Researchers at MIT have designed what they claim is the first three-dimensional graphene that appears in a sponge-like configuration that has the strength 10 times that of steel.
Graphene is thought to be one of the strongest materials in two-dimensional form but converting it into useful three-dimensional materials has been hard to translate. Researchers created the 3-D graphene by compressing and fusing flakes of graphene into the sponge-like shape, making it one of the strongest yet lightweight materials on Earth.
MIT researchers analyzed the material’s behavior down to the level of individual atoms within the structure and were able to produce a mathematical framework that closely matches other experiments focused on creating 3-D graphene, but that resulted in a material with less strength than originally expected.

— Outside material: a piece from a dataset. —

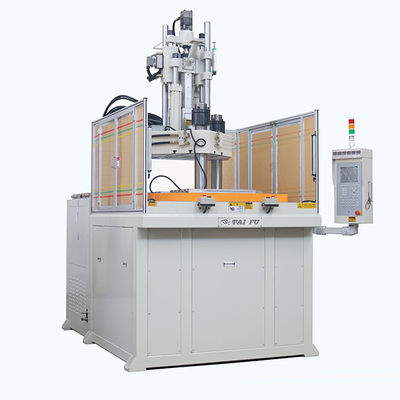 120 Ton Rotary Vertical Plastic Injection Molding Machine Untuk Membuat Bagian Otomotif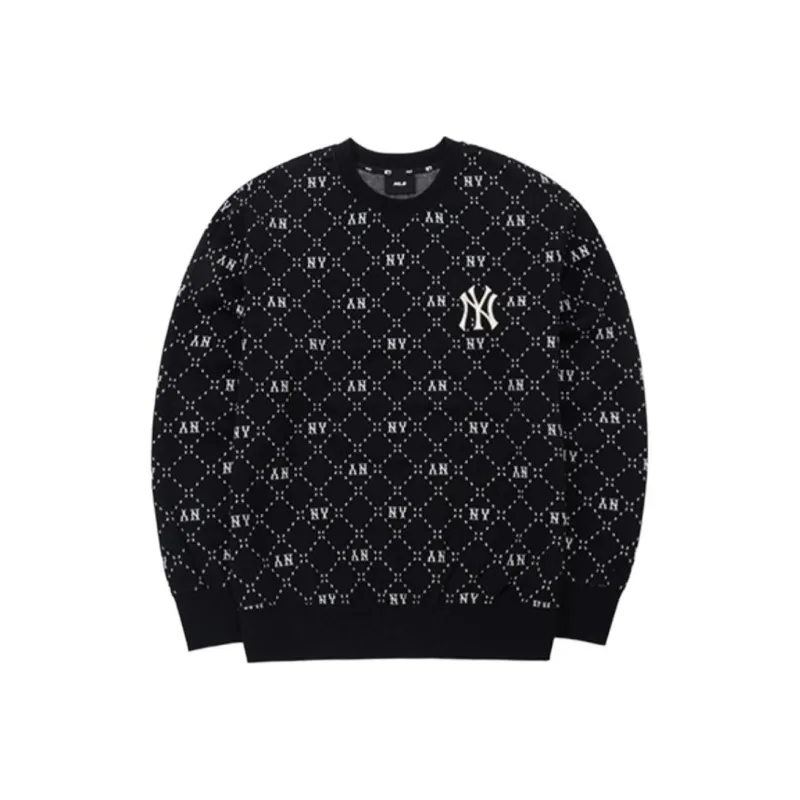MLB Sweatshirts Unisex Black-0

2-D graphene materials are flat sheets that are just one atom in thickness but can be indefinitely large in other dimensions while having exceptional strength and electrical properties. Because of the thinness of the material, they are not useful for making 3-D materials that could be used in vehicles, buildings or devices. MIT was able to realize converting these 2-D materials into three-dimensional structures.
How They Did It
The MIT researchers were able to compress small flakes of graphene using a combination of heat and pressure. This produced a strong, stable structure resembling corals and microscopic creatures called diatoms. These shapes were proven to be remarkably strong and through simulations and compression tests through a tensile loading machine, the 3-D graphene material was proven to have 5% the density of steel but 10 times the strength.
Researchers equate the 3-D graphene material to sheets of paper. Paper has little strength along its length and width and can be easily crumpled. But when made into certain shapes, such as rolled into a tube, the strength along the length is much greater and can support substantial weight. The geometric arrangement of the graphene flakes after treatment naturally forms a very strong configuration, researchers say.
MIT researchers used a high resolution, multimaterial 3-D printer to create the new configurations of the 3-D graphene and then tested for their tensile and compressive properties. Based on these tests, MIT says they have ruled out other proposed ideas that 3-D graphene structures could be lighter than air or be used as a replacement for helium in balloons because the material would collapse from the surrounding air pressure.
However, the unusual geometric shapes that graphene naturally forms under heat and pressure could be enlarged to thousands of times their natural size, making it available for large-scale structural buildings. MIT researchers give an example of concrete for a structure, such as a bridge being made with this porous geometry, providing comparable strength with a fraction of the weight.
And because the shape is filled with tiny pore spaces, the material might find a home in filtration systems for water or chemical processing, or use in energy storage systems.